Like other amphibians, frogs are cold-blooded and prefer to live in moist climates. This means that they can regulate their body temperatures with the surrounding temperature. If it becomes too cold, some frogs burrow underground or in the mud at the bottom of marshy ponds. They can survive in a frozen state for weeks and months.
But is there a difference between frogs and toads? Technically, toads are frogs and both are classified under the order Anura. Under this group, animals with a dry warty skin with short hind legs are called ‘toads’, while animals with a moist skin and long strong hind legs for swimming and jumping are called ‘frogs’.
However, scientists refer to this group as frogs as there is a very thin line separating the two. For instance, there are certain frogs with a warty skin while some toads have a slimy moist skin.

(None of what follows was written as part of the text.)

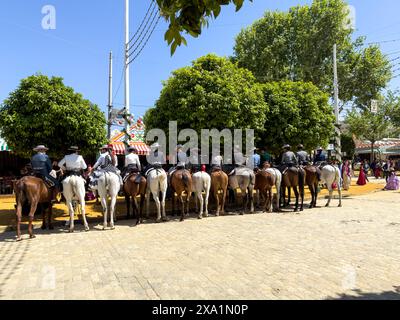 La Fiera di Siviglia nota come Fiera de Abril si tiene a Siviglia, Andalusia per una settimana. Le donne vestono con abiti flamenco e gli uomini con abiti eleganti Foto Stock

Both have adapted themselves admirably to their environment. They are found in all continents, from deserts to mountains to the coldest region in the Arctic. Everywhere except Antarctica. The Indian Common Toad has been found in the Himalayas at a height of 8,000 metres (26,000 feet) and the same species has also been spotted inside a coal mine at a depth of 340 m (1,100 ft).
On an average, a frog is more adapted to living on water. They have strong legs with webs between the toes to help them swim. Their two front legs have four toes each, while the hind legs have five toes each. Land dwelling and tree dwelling frogs have shorter hind legs to help them in walking or climbing. Tree frogs have large, round toe pads that have suction cups like lizards, to help them cling to branches or to wet and smooth surfaces.
Some frogs can fly. Well, not exactly fly, but glide. The Malayan flying frog and the Indian flying frog use their webbed feet as a parachute to glide from a treetop to the base of another tree.
Frogs are voracious eaters, eating anything they find from insects and shrews to worms and smaller fish. Some frogs are vegetarians like the Indian Green Frog that eats leaves or vegetable matter, while the Indian Bull Frog is reported to eat mice, birds, other frogs and even snakes!
Both frogs and toads try to blend into the surroundings they are found in. And become near invisible among the leaves and marshes unless you look very closely. However, some frogs of Central and South America do not want to camouflage themselves and instead are brilliantly coloured in yellow, orange and red. This colouring is a warning to their natural enemies to avoid eating them, as they are sometimes poisonous.
It is interesting to note that there are many non-poisonous frogs that try to bluff their way through with similar colouring. Since predators avoid attacking the poisonous frogs, these non-poisonous animals too escape.
Though these creatures look ugly and repulsive, frogs are very useful to mankind as they eat insects, particularly mosquitoes and flies, that we consider pests. However, their most important contribution is the secretion of certain chemical compounds from their skin.
Some chemicals were recently isolated from the skin of a South American frog which led to the discovery of a painkiller that is more powerful than morphine but less addictive.